## Description of the task
Below are lines of data; restate word for word those running from the line containing "开yun体育网毛主席的建议永" to the line containing "德阳便捷生活新选择，公积金提取网上办理引领数字化潮流", inclusive, and no others.

## Data
BEGIN

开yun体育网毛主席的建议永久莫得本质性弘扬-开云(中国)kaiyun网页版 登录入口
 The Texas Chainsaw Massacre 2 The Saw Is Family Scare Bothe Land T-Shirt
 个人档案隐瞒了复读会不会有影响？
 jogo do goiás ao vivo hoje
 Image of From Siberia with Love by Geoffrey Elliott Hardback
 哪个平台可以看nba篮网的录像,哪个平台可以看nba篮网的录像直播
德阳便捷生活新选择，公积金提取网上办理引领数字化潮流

END
BEGIN

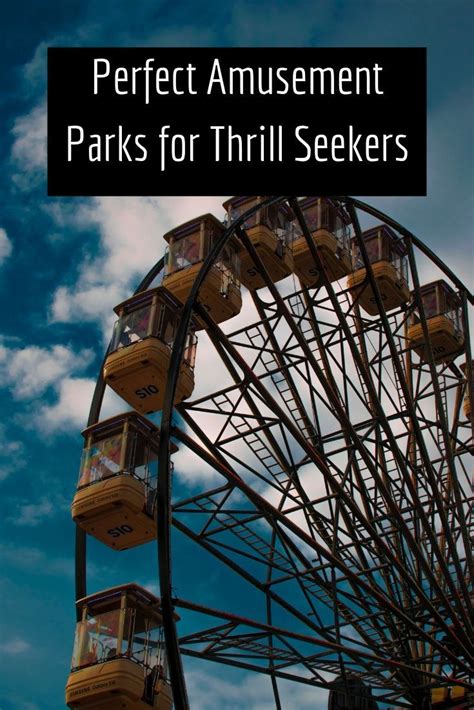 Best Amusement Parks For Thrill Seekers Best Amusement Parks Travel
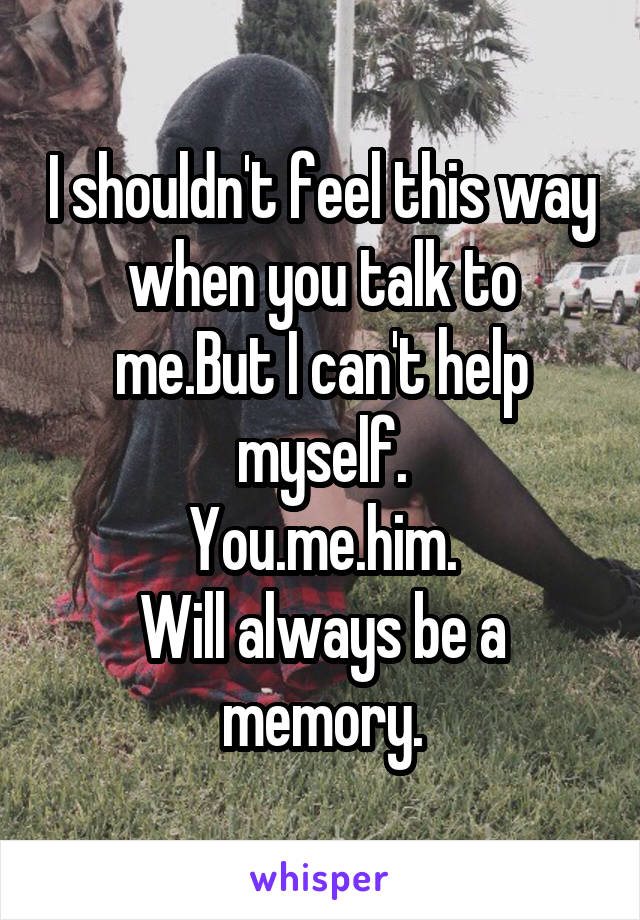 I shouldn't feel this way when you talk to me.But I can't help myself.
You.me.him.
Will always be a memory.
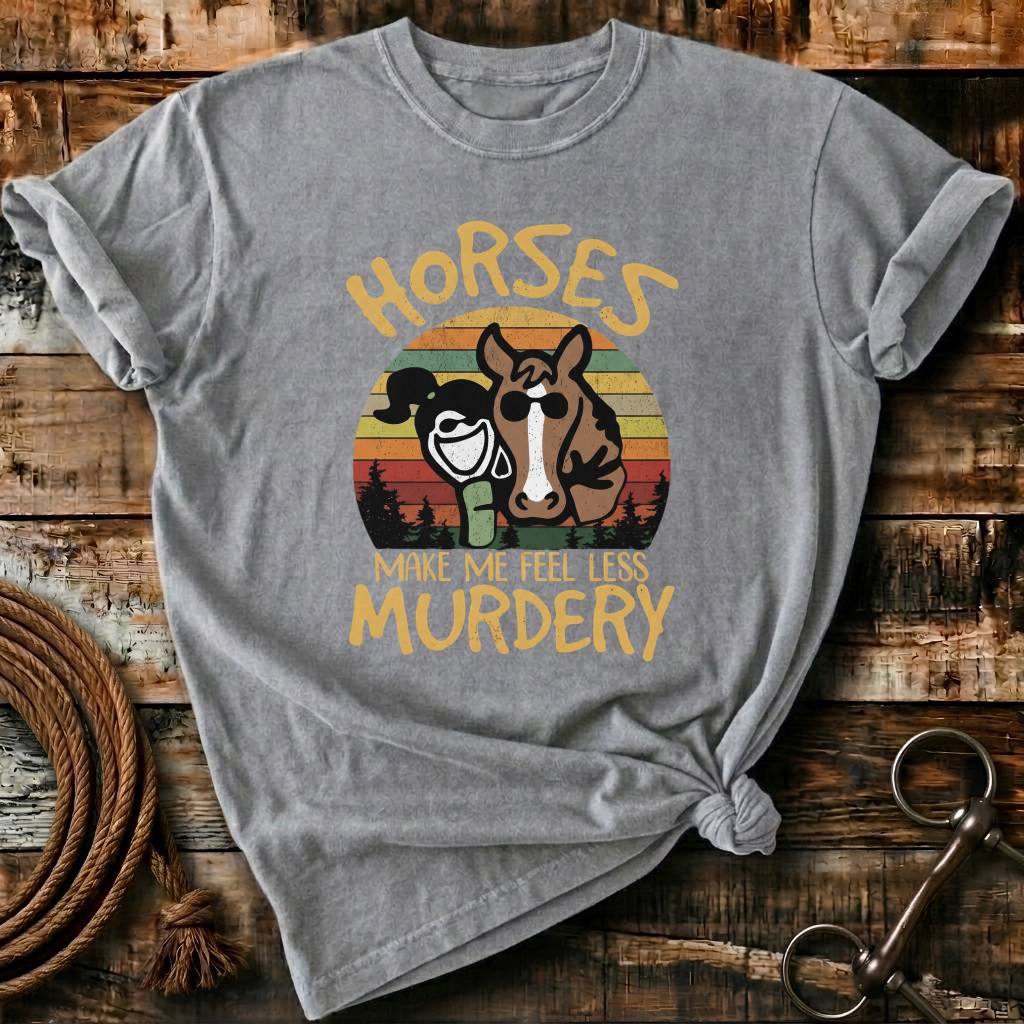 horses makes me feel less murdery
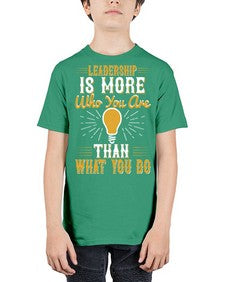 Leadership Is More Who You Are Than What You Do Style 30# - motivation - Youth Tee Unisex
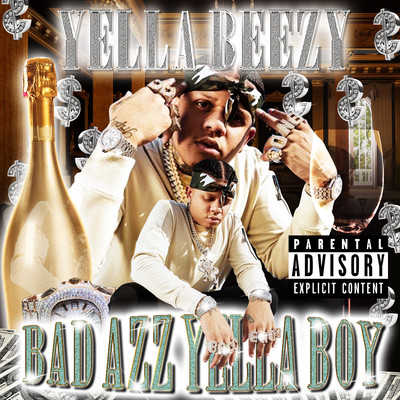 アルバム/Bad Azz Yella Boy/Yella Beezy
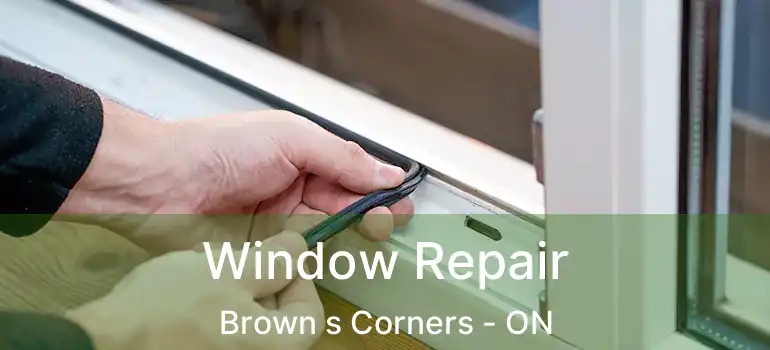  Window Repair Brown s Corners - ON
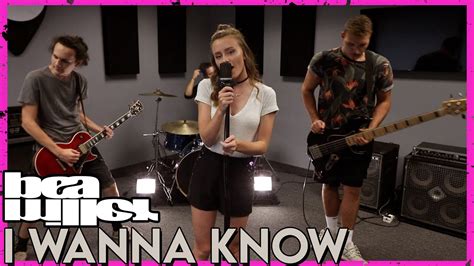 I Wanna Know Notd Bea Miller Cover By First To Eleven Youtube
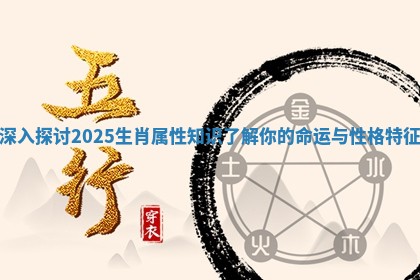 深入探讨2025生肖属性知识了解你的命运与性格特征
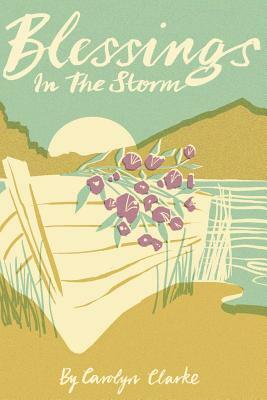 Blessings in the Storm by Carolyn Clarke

END
BEGIN

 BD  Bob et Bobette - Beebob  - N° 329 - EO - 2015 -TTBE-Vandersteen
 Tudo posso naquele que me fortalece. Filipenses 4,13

END

## Your solution
开yun体育网毛主席的建议永久莫得本质性弘扬-开云(中国)kaiyun网页版 登录入口
 The Texas Chainsaw Massacre 2 The Saw Is Family Scare Bothe Land T-Shirt
 个人档案隐瞒了复读会不会有影响？
 jogo do goiás ao vivo hoje
 Image of From Siberia with Love by Geoffrey Elliott Hardback
 哪个平台可以看nba篮网的录像,哪个平台可以看nba篮网的录像直播
德阳便捷生活新选择，公积金提取网上办理引领数字化潮流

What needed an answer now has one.